Mr. Chang41 invited me to call on him at the Mayflower Hotel where he had very recently arrived from China. He and I were good personal friends during my stay in Chungking.

Mr. Chang described at some length his years of connection with the Chinese Government and with the Bank of China and his services with the Kuomintang. He had been opposed to the Banjs of China becoming a government institution and had ceased to be head of the Bank as a protest against Dr. Kung’s and Dr. Soong’s plans for bringing the Bank more or less under Government control.

[Page 874]

His resignation last year as Minister of Communications was due to a desire to take a needed rest for health reasons but I gather that he was not in accord with plans for communications development.

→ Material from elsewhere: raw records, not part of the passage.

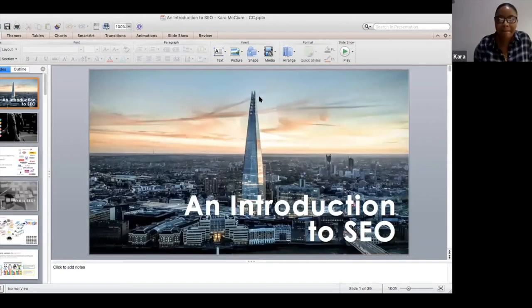Hi guys, firstly thank you for your time and thank you for coming. I'm just going to share my presentation with you — let me know when you can see it. Can everybody see that?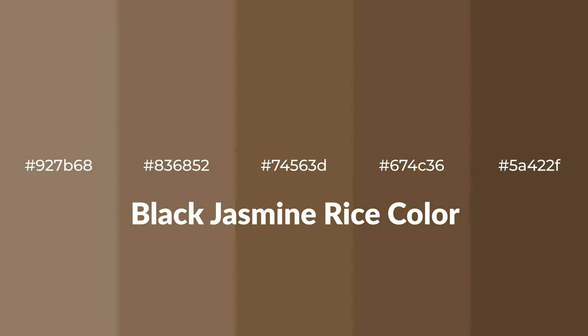Warm shades of black jasmine rice color with red hue for your next project. To generate tints of a color,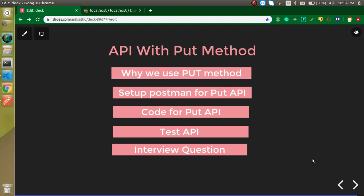Hi everyone, welcome back to my channel. My name is Anil and in this Laravel video tutorial we will learn how we can use put method with the API. These are the points that we are going to cover in this video: we will see why we use the put method, how we can set up our postman for put API, then we will write some code for the API and test that API.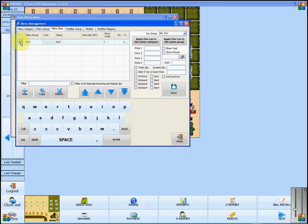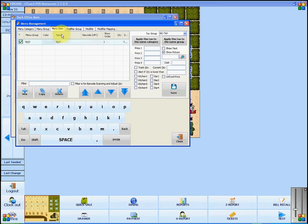To set it so that a picture shows, you will have to select show picture. If you wish for text or the item name to show on top of this picture, you will select show text as well.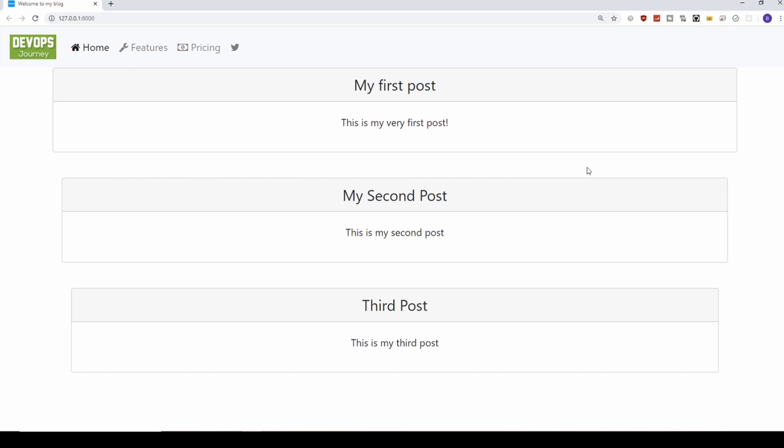In our next video we're going to be going over user-submitted forms, so we're going to finally be able to use a form to submit our own stories. It's a really important concept to understand when making a CRUD-type application like we're creating here. Hope everyone can join me for that — see you in the next video.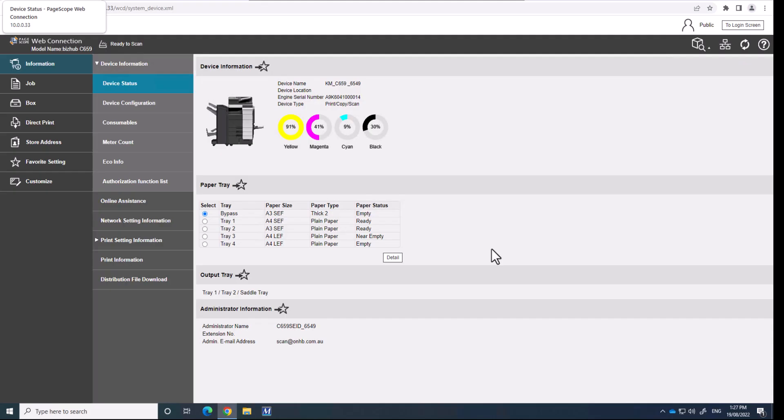Hi guys, it's Leif here from ATEC. Today I'm going to show you something you might not know, but you can set up Konica Minolta user boxes to be used as shared folders on the network. So I'm just going to give you a quick rundown on how this concept would work.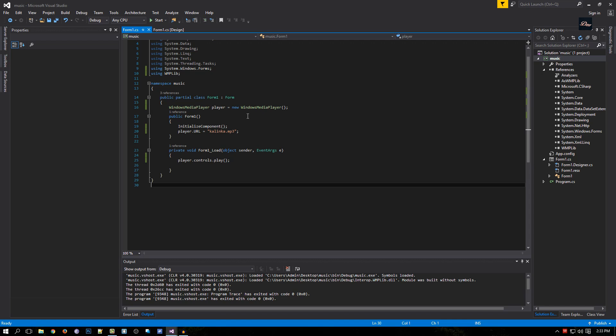So that's it guys, that's how you add background music to your Visual Studio 2015 program. Thanks for watching, don't forget to rate, comment, and subscribe. If you want me to make more tutorials on how to do stuff on Visual Studio, just write it in the comments below. Check out my channel and I'll see you next time.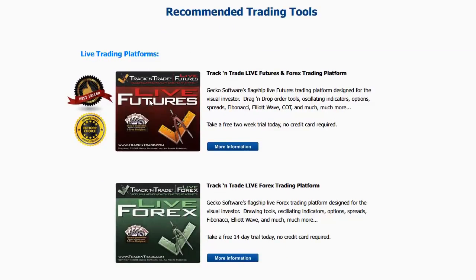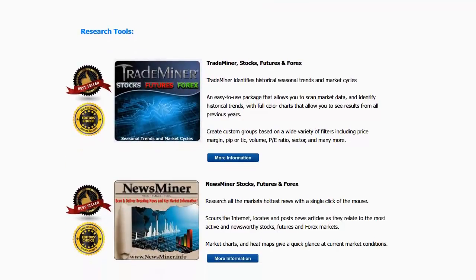You can see the recommended trading tools — the live trading platforms we use are from Track and Trade: Track and Trade Live Futures and Track and Trade Forex. If you click the More Info buttons you can find out more about the platforms. I also use a plug-in to the live futures version called Bulls and Bears — that's what turns the price bars red, yellow, and green and gives me the Elliott Wave blue light system. It works on both Live Futures and Live Forex.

He is in the United States officially as an Adviser to the Executive Yuan. He has, however, a personal commission from President Chiang Kai-shek to investigate and report to President Chiang in regard to American collaboration in post-war reconstruction in China. His explorations will follow in general three lines: American financial and material support for Chinese Government plans for reconstruction; collaboration between private American and Chinese interests in the development of China; and development of Chinese-American foreign trade. He feels strongly that there is an opportunity outside of the Chinese Government’s plans, for American and Chinese businessmen to get together on a mutually profitable basis for the development of China.

We talked for some time with regard to the form and line that Chinese industrial development should take. I pointed out the need for a coordinated plan for Chinese development (at present each Ministry and special organization of the Government has its own scheme for development). I also mentioned the need that reconstruction enterprises be directly related to China’s economic situation; that China had an agrarian economy and that any industrial development that did not take this fact into consideration would be unsound. I also said that, in so far as possible, industrial enterprises should be self-liquidating. I said that these were phases of the matter in which I had found Americans interested.

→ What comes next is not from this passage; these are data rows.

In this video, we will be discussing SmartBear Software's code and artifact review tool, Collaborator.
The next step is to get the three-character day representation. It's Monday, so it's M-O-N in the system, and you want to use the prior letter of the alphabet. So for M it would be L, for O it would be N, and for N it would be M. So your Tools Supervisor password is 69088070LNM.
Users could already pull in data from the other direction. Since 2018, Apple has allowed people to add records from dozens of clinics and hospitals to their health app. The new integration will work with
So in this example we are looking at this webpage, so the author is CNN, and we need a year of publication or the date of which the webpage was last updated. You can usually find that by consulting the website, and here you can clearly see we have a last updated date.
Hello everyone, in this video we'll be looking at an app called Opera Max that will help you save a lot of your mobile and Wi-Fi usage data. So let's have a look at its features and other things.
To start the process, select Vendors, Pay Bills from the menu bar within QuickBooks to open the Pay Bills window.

Mr. Chang readily agreed. He said that it was along these broad lines that he expected to conduct his conversations in America. He admitted that there was too much talk now of the development of heavy industries; that greater emphasis should be placed upon raising the income of the agricultural population and on the development of light industries to supply consumers goods to the Chinese people. He said that he was not here to ask the American Government or American businessmen to “give” China something; that he was here to develop the thought that close economic association between China and the United States could prove beneficial to the peoples of both nations.

Dr. Chang said that he was going to Boston for a general check up and a rest; that in about a month he would return to Washington at which time he hoped to call on Mr. Hull, Mr. Acheson,42 Mr. Morgenthau and Mr. Harry White.43 He said that President Chiang had suggested that he make these calls. Afterwards he intends to discuss [Page 875] with American officials and businessmen his ideas for post-war economic collaboration between China and the United States.

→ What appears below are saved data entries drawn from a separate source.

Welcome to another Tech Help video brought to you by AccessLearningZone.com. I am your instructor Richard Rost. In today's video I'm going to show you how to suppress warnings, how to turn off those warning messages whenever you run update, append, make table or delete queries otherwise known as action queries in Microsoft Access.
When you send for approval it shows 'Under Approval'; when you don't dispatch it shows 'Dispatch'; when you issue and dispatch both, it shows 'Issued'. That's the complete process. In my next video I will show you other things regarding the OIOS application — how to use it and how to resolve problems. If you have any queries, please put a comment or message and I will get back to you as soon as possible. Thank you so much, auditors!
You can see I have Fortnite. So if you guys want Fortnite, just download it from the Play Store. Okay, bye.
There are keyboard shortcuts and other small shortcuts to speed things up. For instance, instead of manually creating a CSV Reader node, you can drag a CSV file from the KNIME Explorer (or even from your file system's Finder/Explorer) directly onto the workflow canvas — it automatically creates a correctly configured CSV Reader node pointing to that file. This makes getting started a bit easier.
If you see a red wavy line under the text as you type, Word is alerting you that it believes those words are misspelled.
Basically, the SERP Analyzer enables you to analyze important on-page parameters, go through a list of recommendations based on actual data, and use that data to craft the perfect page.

Note: Mr. Chang is generally looked upon in China as a man of sound judgement. He is conservative in politics and business. I doubt that he is in position to speak with much authority in so far as Chinese Government interests are concerned but he does represent a typical Chinese businessman-banker’s point of view and in that respect it may be useful to hear what he has to say. He expects to be in America about one year.

  1. Initialed by the Chief of the Division (Ballantine).
  2. Chang Kia-ngau, former Chinese Minister of Communications and head of the Bank of China.
  3. Dean G. Acheson, Assistant Secretary of State.
  4. Harry Dexter White, Assistant to the Secretary of the Treasury (Morgenthau).